Não só algumas elites políticas e intelectuais não parecem perceber o que se passa, como se sentem contestadas na sua capacidade de representação, a partir do seu lugar de conforto. Em vez de interrogarem a sua responsabilidade nas ocorrências, diabolizam o que sucede, dessa forma aparecendo como defensores da democracia contra a desordem. Até o eurodeputado Daniel Cohn-Bendit, símbolo do Maio de 68, veio dizer que os coletes amarelos não são revolucionários como os estudantes e intelectuais de 1968.
E então? Não são os universitários e intelectuais que estão nas ruas, são as classes populares. Existe mais reacção do que construção e não há uma direcção ou visão política nítida sobre o que fazer. Mas apetece perguntar a Daniel Cohn-Bendit quem é que, na actualidade, possui ideias alternativas de futuro consistentes, mobilizadoras e universais? Claro que subsiste desnorte, mas ainda assim é um movimento com linhas de acção, apenas diferente de modelos de outros tempos. Sem uma organização vertical, mas marcada por uma ética horizontal.
A crise de representação democrática não foi originada por aquelas pessoas. A política encarada como mera gestão administrativa e os cidadãos reduzidos à função de consumidores, isso sim, foi desencorajando a reflexão crítica, de que agora tantas vozes de queixam, preocupados que as massas votem em quem lhes apresentar o discurso mais sedutoramente simplista.
O que acontece em França é algo em construção, sem uma linguagem e uma visão política nítida, em parte produto do novo ecossistema comunicacional saído da internet, com as suas limitações próprias. E então? A esquerda vai ficar a lamentar-se, para se depois Marie Le Pen beneficiar do que está a acontecer, vir posteriormente proclamar que quem votou nela – como já fez com quem votou em Trump ou Bolsonaro – é ignorante ou inculto?
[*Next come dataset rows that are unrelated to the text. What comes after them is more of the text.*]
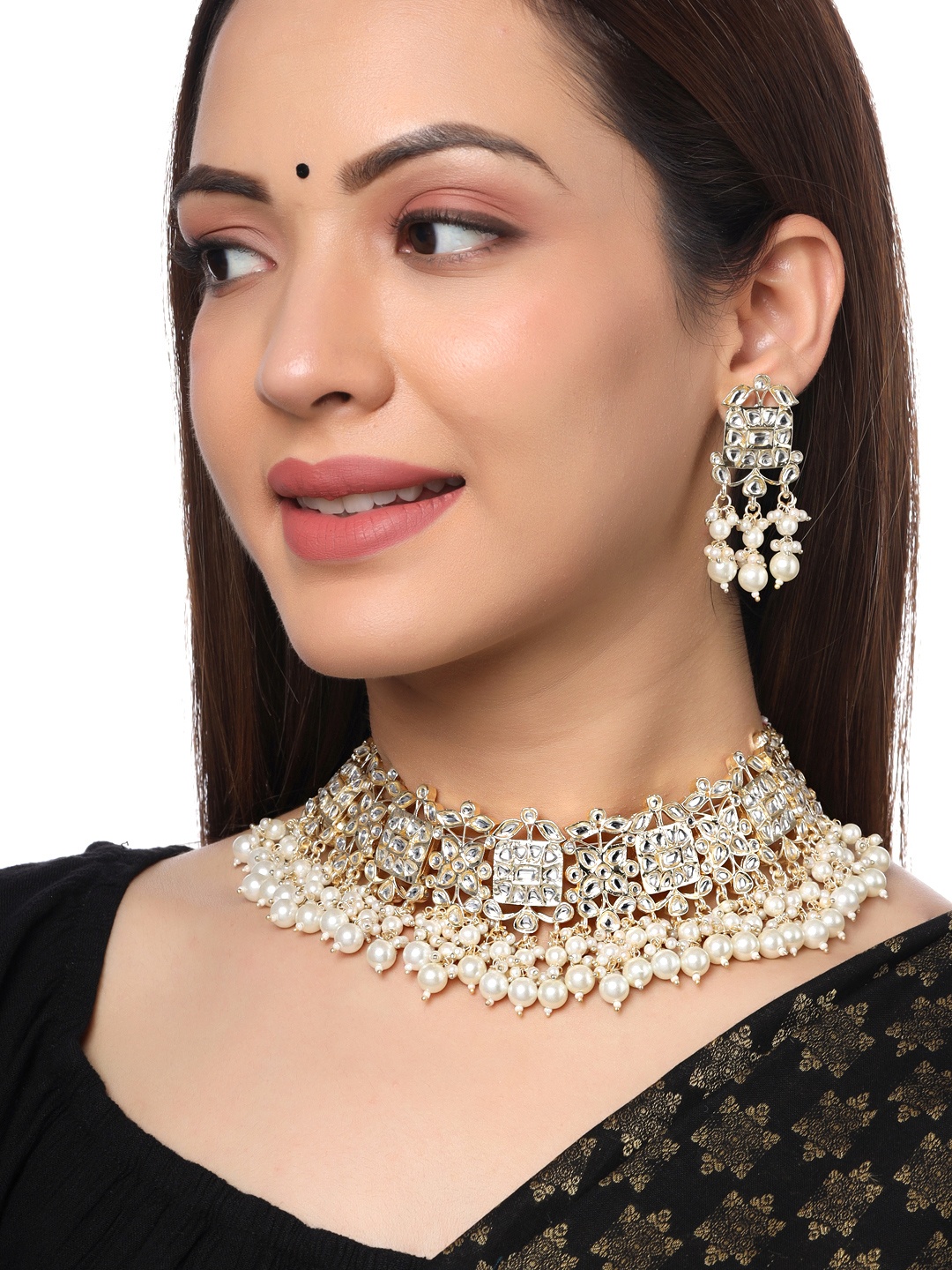 

Yellow Chimes Gold-Plated White Kundan Studded & Beaded Choker Jewellery Set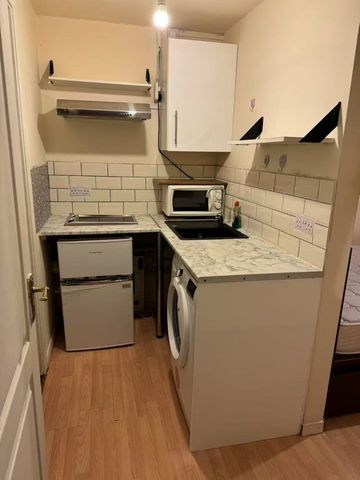 Room in a Shared House, London, SE14 - Photo 5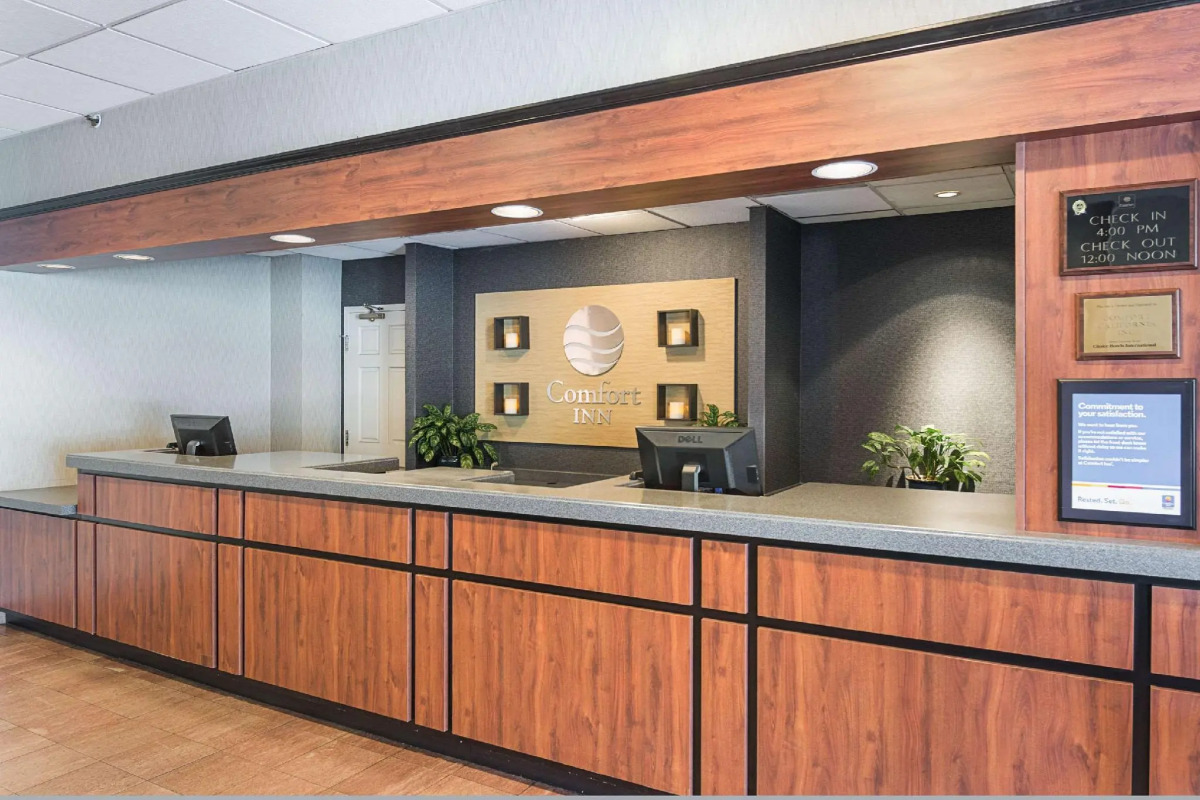 Comfort Inn by the Bay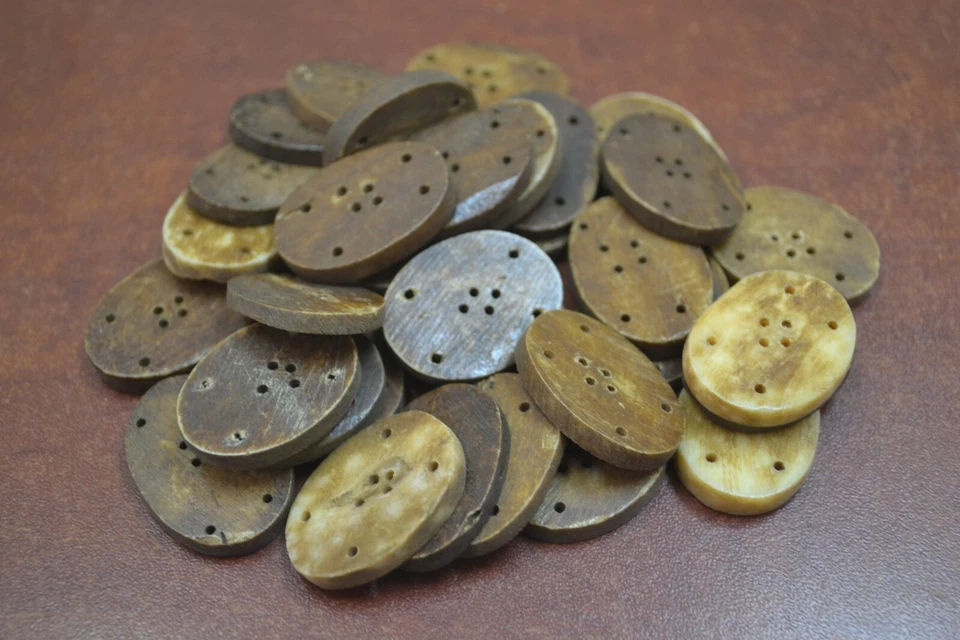 50 PCS DARK BROWN OVAL BONE SEWING BUTTONS 1 1/4" #T-2098B - Image 1 of 1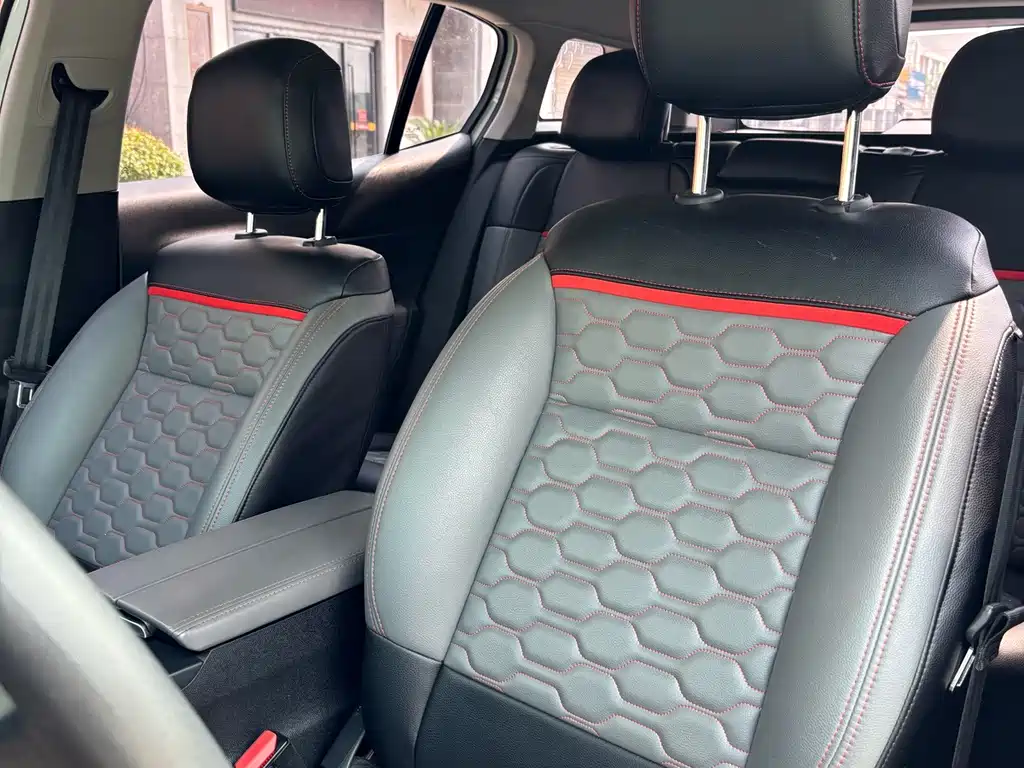 Citroën C5 Aircross 2019 — фото 11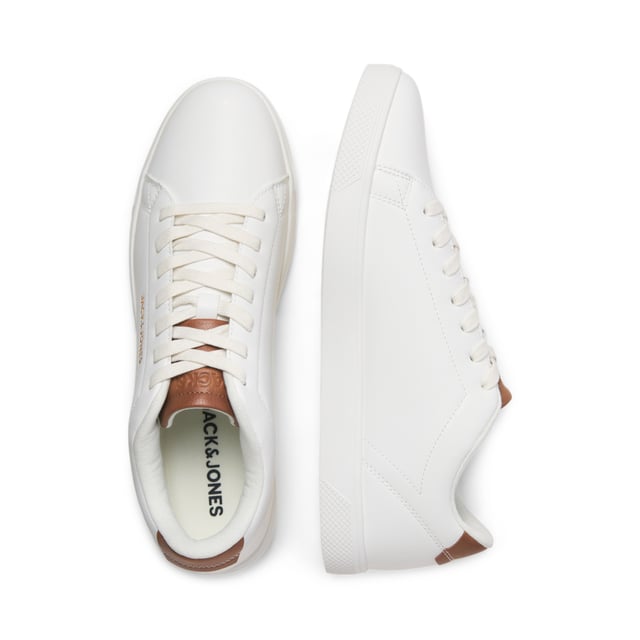 Zapatillas deportivas para hombre de la marca Jack & Jones. El zapato está hecho de cuero sintético de alta calidad.  Marca: Jack & JonesNombre del modelo: BossCategoría: zapatos para hombreMateriales: piel sintéticaColor: blanco, coñac.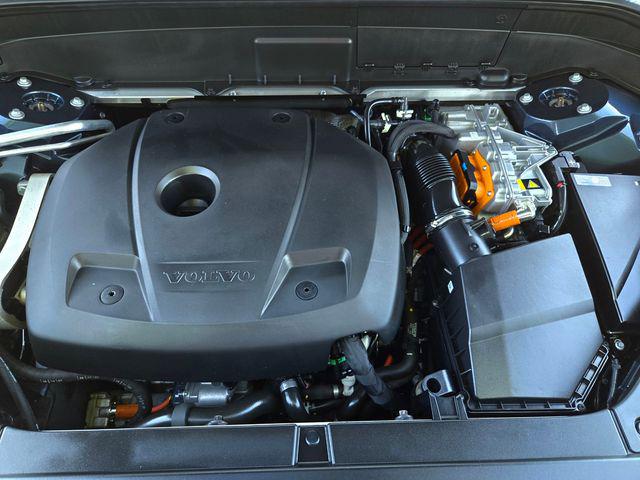 2024 Volvo XC90 Recharge T8 Plus 6-Seater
Mesmo se aquilo que está a acontecer é confuso e não corresponde a um enquadramento ideal, não é possível isolarmo-nos no nosso quadro de referências ideológicas, ignorando todos os sinais potenciais que um protesto destes representa. É preciso escutar o mundo e encará-lo, neste momento, como uma transformação global que é preciso fazer a todo o instante. São tempos de apreensão, mas também de desafio. Oxalá consigamos estar à altura deles.